Honestly
[Yohuru] Williams[, founding director of the Racial Justice Initiative at the University of St. Thomas] says it's time to have an "honest" conversation about the historical legacy of corporal punishment within the Black community. "That would be far more communal and affirmative of human dignity and the dignity of black life," he said. "Coming out of the Black Lives Matter movement, you kind of look back at this, and you go, 'We understand it from a historical standpoint.' But from a humanistic and community-centered, restorative justice practices standpoint, there's something that just doesn't sit right with me about this practice. And I think we owe it to ourselves as a community to revisit that."I'm always dubious of calls for an "honest" conversation about things, mainly because the person making the call seems to appoint themselves the arbiter of what constitutes honesty. And since calls for honest conversation presuppose that the discourse to that point have been somehow dishonest, this tends to place the person into the position of somehow knowing the minds of others.

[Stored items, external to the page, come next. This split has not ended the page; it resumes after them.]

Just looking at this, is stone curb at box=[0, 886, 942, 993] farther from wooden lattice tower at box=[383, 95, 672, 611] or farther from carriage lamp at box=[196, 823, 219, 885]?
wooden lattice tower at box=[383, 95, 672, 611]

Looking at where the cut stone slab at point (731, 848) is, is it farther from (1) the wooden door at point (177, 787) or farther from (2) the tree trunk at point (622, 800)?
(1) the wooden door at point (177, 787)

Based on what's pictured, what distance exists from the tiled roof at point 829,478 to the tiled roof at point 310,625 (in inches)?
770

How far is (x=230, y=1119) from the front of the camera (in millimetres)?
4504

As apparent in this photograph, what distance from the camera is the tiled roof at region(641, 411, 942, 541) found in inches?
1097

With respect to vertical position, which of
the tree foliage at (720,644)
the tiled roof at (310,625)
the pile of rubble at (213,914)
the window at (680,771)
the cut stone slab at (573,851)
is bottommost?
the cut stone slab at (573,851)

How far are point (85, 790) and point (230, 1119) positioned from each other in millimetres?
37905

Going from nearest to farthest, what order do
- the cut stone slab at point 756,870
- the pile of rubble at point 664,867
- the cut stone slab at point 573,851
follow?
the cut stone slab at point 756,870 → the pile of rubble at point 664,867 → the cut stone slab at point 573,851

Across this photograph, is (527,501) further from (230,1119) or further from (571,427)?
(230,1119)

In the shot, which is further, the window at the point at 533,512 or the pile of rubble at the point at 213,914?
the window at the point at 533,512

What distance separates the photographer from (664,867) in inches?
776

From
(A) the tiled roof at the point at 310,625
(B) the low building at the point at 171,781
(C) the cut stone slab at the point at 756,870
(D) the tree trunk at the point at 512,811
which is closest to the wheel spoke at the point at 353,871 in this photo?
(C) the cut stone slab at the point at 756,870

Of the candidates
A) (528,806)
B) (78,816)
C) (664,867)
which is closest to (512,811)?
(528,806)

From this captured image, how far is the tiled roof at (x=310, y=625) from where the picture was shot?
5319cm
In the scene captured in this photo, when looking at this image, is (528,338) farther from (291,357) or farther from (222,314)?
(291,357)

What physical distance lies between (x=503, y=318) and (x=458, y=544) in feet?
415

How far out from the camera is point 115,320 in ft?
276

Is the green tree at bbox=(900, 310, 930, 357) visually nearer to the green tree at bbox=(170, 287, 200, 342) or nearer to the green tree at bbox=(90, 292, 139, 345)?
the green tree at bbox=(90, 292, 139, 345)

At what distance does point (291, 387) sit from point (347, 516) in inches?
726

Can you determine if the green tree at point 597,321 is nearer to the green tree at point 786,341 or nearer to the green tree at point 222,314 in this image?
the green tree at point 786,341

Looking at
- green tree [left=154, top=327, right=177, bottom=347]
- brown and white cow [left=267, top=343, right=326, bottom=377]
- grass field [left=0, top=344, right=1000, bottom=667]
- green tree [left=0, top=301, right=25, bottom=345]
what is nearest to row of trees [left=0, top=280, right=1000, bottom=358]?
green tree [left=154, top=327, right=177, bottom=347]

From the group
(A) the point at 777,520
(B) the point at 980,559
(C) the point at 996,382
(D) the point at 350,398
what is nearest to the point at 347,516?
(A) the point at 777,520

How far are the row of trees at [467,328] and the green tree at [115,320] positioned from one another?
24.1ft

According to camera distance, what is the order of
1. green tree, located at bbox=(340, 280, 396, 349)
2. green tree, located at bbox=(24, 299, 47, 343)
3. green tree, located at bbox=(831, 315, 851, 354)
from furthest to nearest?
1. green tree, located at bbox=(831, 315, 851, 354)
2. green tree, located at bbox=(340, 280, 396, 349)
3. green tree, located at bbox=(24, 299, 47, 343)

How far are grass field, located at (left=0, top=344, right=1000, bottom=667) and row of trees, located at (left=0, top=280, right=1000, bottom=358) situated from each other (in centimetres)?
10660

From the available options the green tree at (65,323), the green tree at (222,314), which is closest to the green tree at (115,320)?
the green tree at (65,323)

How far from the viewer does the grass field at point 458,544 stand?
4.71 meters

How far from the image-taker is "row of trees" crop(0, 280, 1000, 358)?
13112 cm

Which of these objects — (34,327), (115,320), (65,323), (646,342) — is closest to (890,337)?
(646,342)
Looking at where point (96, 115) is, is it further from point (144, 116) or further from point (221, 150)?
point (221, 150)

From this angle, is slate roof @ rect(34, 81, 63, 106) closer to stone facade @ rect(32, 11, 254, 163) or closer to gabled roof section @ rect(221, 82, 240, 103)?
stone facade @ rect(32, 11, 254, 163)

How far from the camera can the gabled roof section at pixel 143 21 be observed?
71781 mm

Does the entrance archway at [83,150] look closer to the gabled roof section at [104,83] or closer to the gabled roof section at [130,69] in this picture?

D.C.-area artist turns belts into a conversation about discipline
I understand Mr. Williams' viewpoint in this, but not everyone is a humanist, community-centric believer in the tenets of restorative justice. Accordingly, they're likely to have a different understanding of corporal punishment and its effects on the broader community. While I understand that the practice of corporal punishment doesn't sit right with him, that doesn't create an obligation for the community at large to come to an understanding that does sit well with him. Or that the current understanding is not an honest one.
There's nothing wrong with advocating for one's position. But I'm not a fan of the idea that it's the only genuine way of looking that things.